Stroke is often referred to as the “silent killer” because signs and symptoms – which can mimic dozens of other health issues – are often ignored. Strokes generally don’t cause any pain, but indicators may include confusion, dizziness, severe headache, trouble speaking, and more.

You can reduce your chances of stroke by maintaining a healthy diet, getting regular exercise, controlling your blood pressure, and avoiding alcohol and tobacco products.


One of the hallmarks of old age is a decreased sense of thirst. Because seniors don’t feel as parched as younger adults, they are more likely to suffer from dehydration and related illnesses – especially during the summer.

Though it may seem not-so-serious, dehydration can lead to several serious health problems, up to and including death.
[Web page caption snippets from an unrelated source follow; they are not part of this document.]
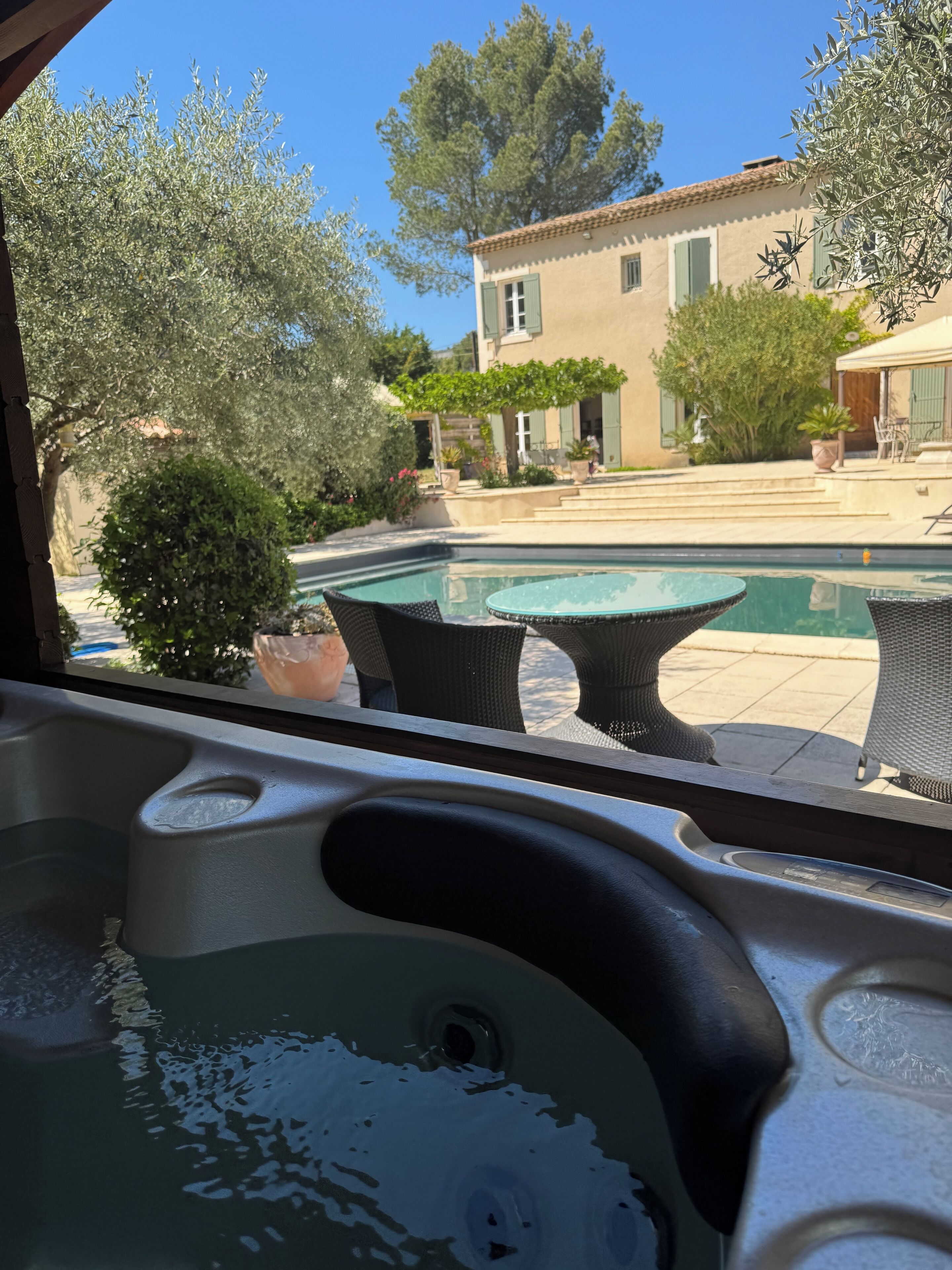 A hot tub with a view of a pool and outdoor furniture, surrounded by greenery and a building in the background.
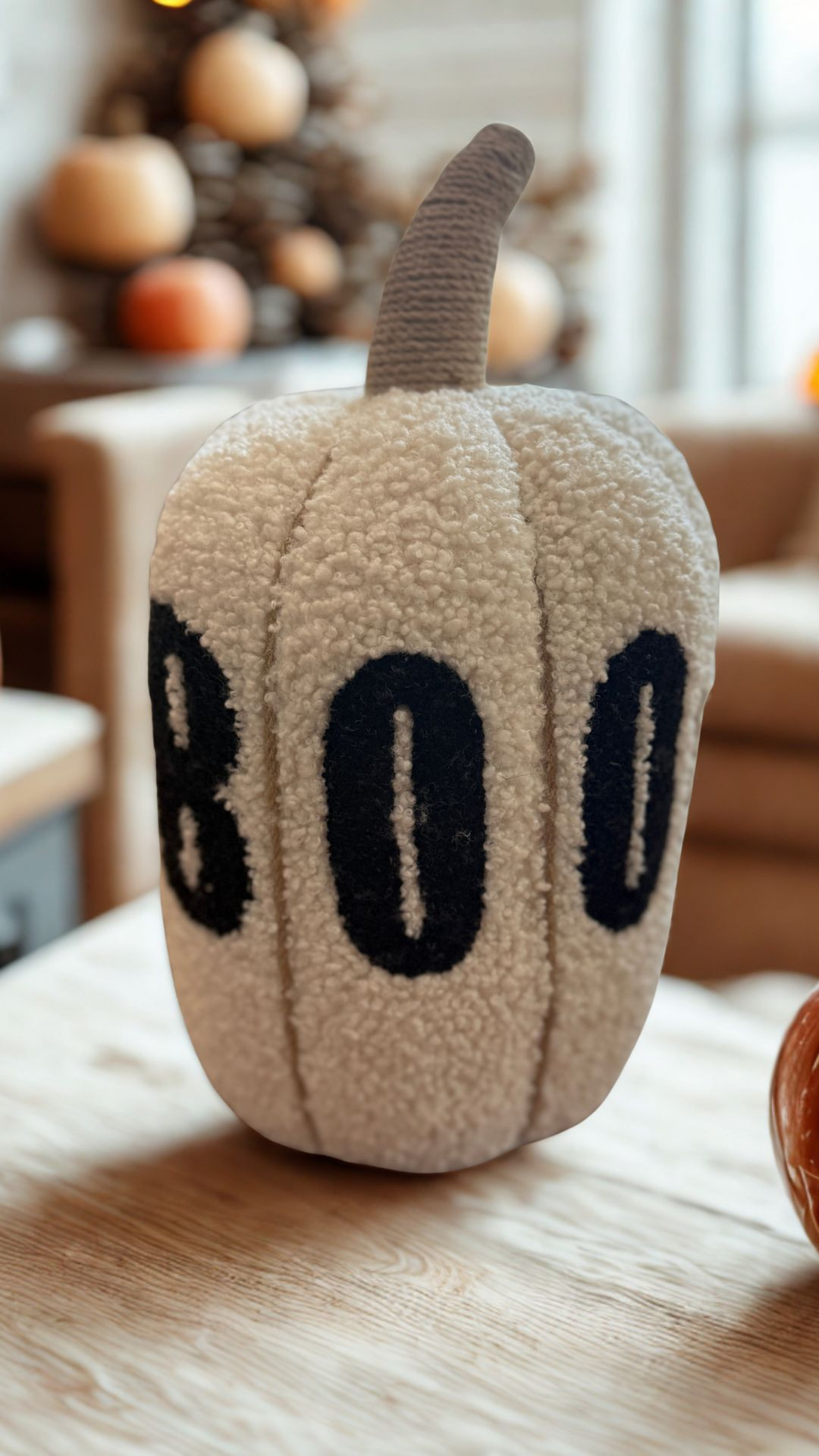 Meet the coziest scare you’ll ever invite to your couch. This plush pumpkin pillow brings just the right amount of spooky with its hand-embroidered “Boo” and wrapped jute stem, all nestled into ultra-soft faux fur. It’s the kind of throw pillow that makes your whole room feel like a warm fall hug — while still whispering Halloween mischief. Customers love how it instantly elevates their seasonal décor without being over-the-top. It’s decorative, functional, and totally cuddly. Toss it on your sofa, entryway bench, or bed and let your Halloween aesthetic haunt in the best way. 

 #LTKSeasonal #LTKOver40 #LTKHome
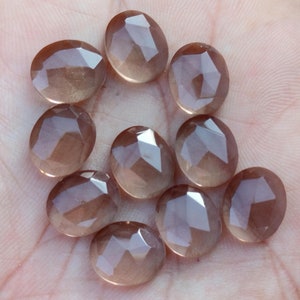 May include: Ten faceted, translucent, light brown gemstones. The stones are oval shaped and have a smooth, polished finish.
To help stay hydrated, drink plenty of water throughout the day and eat foods with high water content (such as fruits, vegetables, soups, and yogurts).

Chronic Obstructive Pulmonary Disease

Chronic Obstructive Pulmonary Disease (COPD) is a leading cause of death in the United States, with more than 16 million people affected. The disorder isn’t just one disease, but actually a group of lung diseases which obstruct airflow. Shortness of breath, emphysema, and chronic bronchitis are often symptoms.

Smoking is the main cause of COPD, and stopping smoking can go a long way to preventing the disease. Medicare Part B covers up to eight face-to-face counseling sessions per year for people who want to stop smoking.

Note: It is also important to avoid situations in which you may be exposed to second hand smoke, which can be just as dangerous!

Influenza and Pneumonia

If you want to avoid ending up in the ER this winter, one of the BEST things you can do is to get your flu and pneumonia shots. Medicare Part B covers both and, though they don’t cover every possible strain of the viruses, they offer a great safety net.

It is important to note that seniors often have weaker immune systems than younger adults, so even if you have gotten your shots, you should still avoid people who are sick (and remember to wash your hands after you go out in public!).

Adverse Drug Reactions

Many seniors take more than one medication, which means that it may be difficult to manage the schedule, potential interactions, and side effects – but failing to stick to the proper schedule, or ignoring harmful side effects, can quickly land you in the emergency room.

Drug interactions and reactions are one of the leading causes of senior visits to the ER. To help prevent this problem, make sure to follow your doctor’s instructions, avoid self-medication, and refill your drugs before you run out. If you’re on several medications and unsure of how they  may interact, you can ask the pharmacist if they’re safe to take together.

Bottom Line

Many of the issues that land older adults in the ER are entirely avoidable. With a little care and precaution, you can easily avoid an unexpected trip to the hospital.